映画にはジグゾーパズル型と積み木型がある。 ジグゾーパズル型は、アート系に多く、細かい断片を与えられ、自分の頭の中でそれを組み合わせながら、 最後にパズルが完成したところで、そのパズルが形作った全体の絵を見ることとと組み立てた達成感とで、 時に人生を左右するような感動をもたらす。 積み木型はハリウッド的と考えて頂くとわかりやすい。 一つずつ積み重ねていって、途中、崩れそうになってドキドキしながらも、積み木を積み上げると、 見終える頃には、積み木でできた建造物が出来上がってて、その造詣や完成度が感動を誘ったりする。 見る方としては、前者の方が苦手な人が多いだろう。パズル型は、どういう展開になるのか、最後までわからないことも多く、時にはオチも無かったり、 監督自身もパズルをより複雑にすることに凝ったりするので、 それを解く能力が無ければ見る側は途中で諦めてしまう。 だから「客を選ぶ映画」と言われたりもする。
黒沢監督の「カリスマ」は、前者の「パズル型映画」である。しかも、ピースが足らないのでパズルは完成しない。 つまり、「不良品パズル映画」である。組み立てる作業を終えた時に、そこにはまだ、埋まらない空間がある。 私なんかは、そういう不具合を見つけてしまうと「いい加減だな」と思うが、この手のは「アート」だったりするので、 その「埋まらない空間」すら「意味」ととったり、もしくは、自分なりの「断片」を加えて補填して評価したりもする。 だから、「パズル型映画」の評価は一定ではない。パズルが好きな人、パズルが解けない人、解けたことに感動する人、解けてできた絵にも感動する人、 パズルは解けたけどできた絵がわからない人、解けて絵もわかるけど絵が面白くないと思う人、etc。 解釈や評価の余地を残すのも「パズル型」の特徴である。 で、そんな「パズル型」の選択を「逃げ」としてるような印象を、この「カリスマ」から強く受ける(「狂気」に逃げるのも常套手段?)。 「なぜ?」はたくさんあるし、それを説明する断片が足らない。しかも、出来た穴だらけの絵は稚拙で面白くない。 さらに、「パズル型」の割りには、一片一片の「1ピースの絵」が安作りなのである。 でも「パズル型」の場合は、安さに意味付けをする「ポップアート」もあるから、それすらもつい「許してしまいがち」である。 そこに付け入ってほくそえむ黒沢監督の顔が思い浮かんでしまうのは、私の被害妄想だろうか?(笑)

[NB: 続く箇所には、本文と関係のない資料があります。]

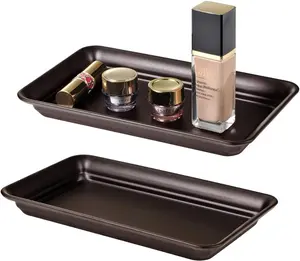 Vintage Farmhouse Decor Metal Vanity Tray(2 Pack),Countertop Guest Hand Towel Storage Organizer Tray Dispenser, Sturdy Holder for Perfume,Cosmetics, Jewelry, Makeup Bathroom Organizer (Bronze) USASheelife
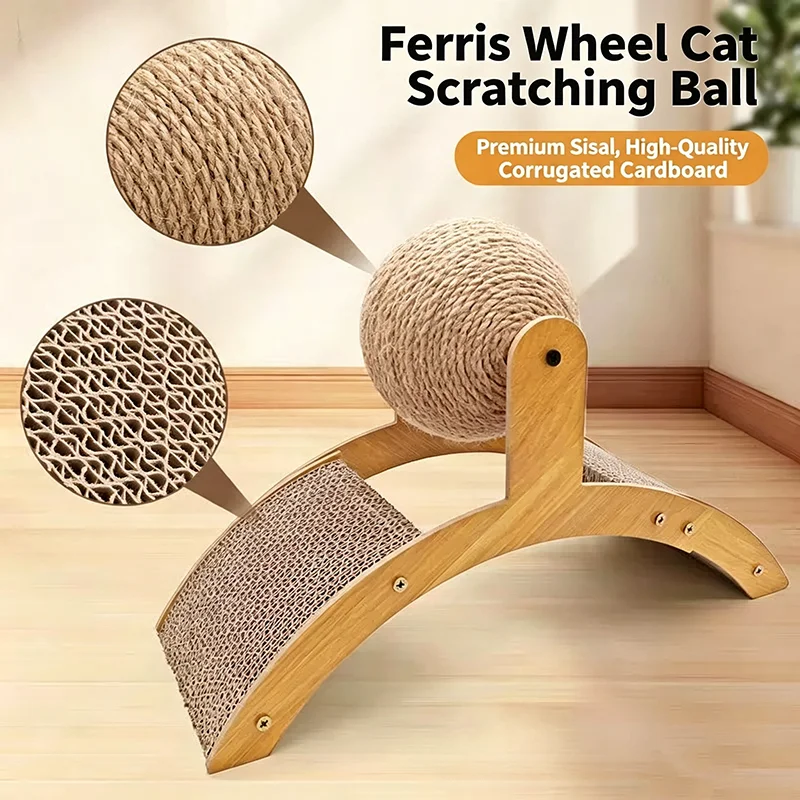 Wooden Cat Scratching Ball 2 In 1 Cat Scratcher Natural Sisal Scratch Board Wear Resistant Grinding Paw Toy Solid Wood Scraper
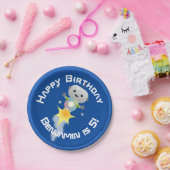 かわいいロボット飛んでいるの宇宙漫画イラストレーション ペーパープレート (パーティー)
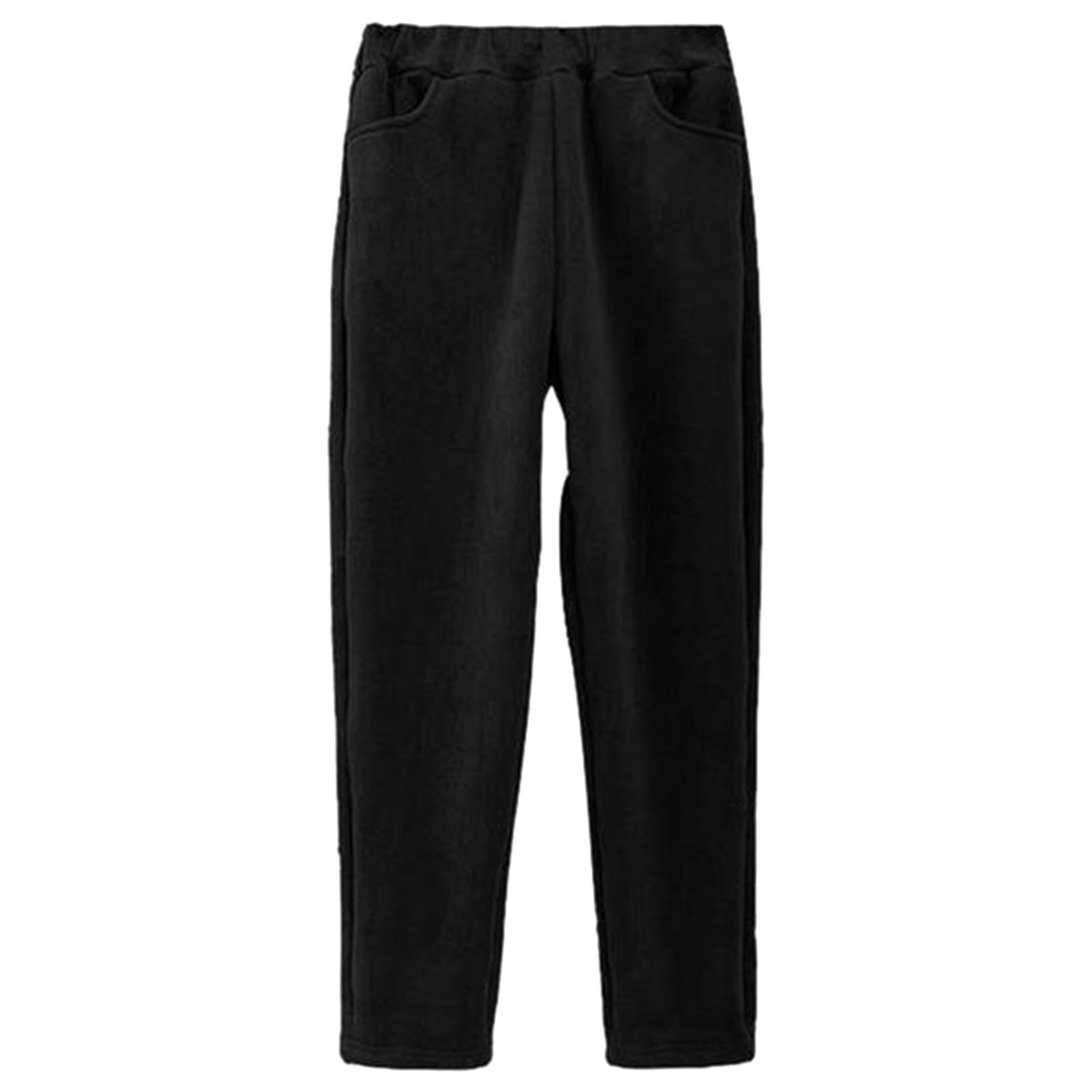 Women Fleece Lined Pants Thermal Sweatpants Joggers Trousers Thicken Fleece Warm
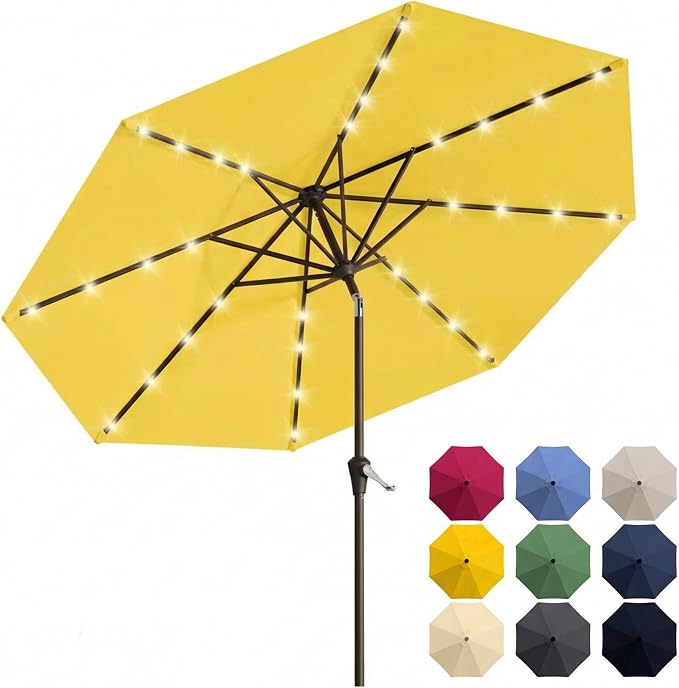 10FT Solar Patio Umbrella with Lights, Outdoor Table Market Umbrella with 32 LED Lights, 8 Sturdy Ribs, Push Button Tilt and Crank for Pool, Deck and Garden, UV-Resistant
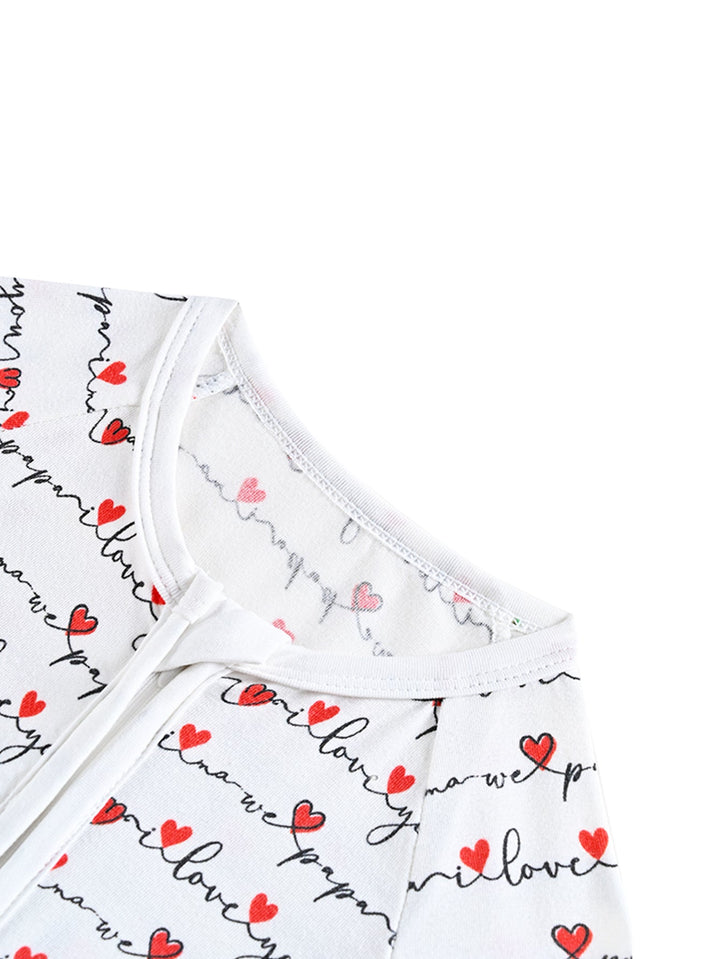 Bamboo Long - Sleeve Baby One - Piece Love Print - MOSSRIVER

「ジグゾーパズル型」と「積み木型」とは、映画として本来区別されるべきではないし、 良い映画は両方の特徴を上手くミックスさせた「複合型」だとも思うが、 互いを対比させてただ「差別化」することのみに価値を置く作品を、私はもう楽しめない。 もっとも、「複合型」を目指してた前作の「CURE」も私は楽しめなかったけど。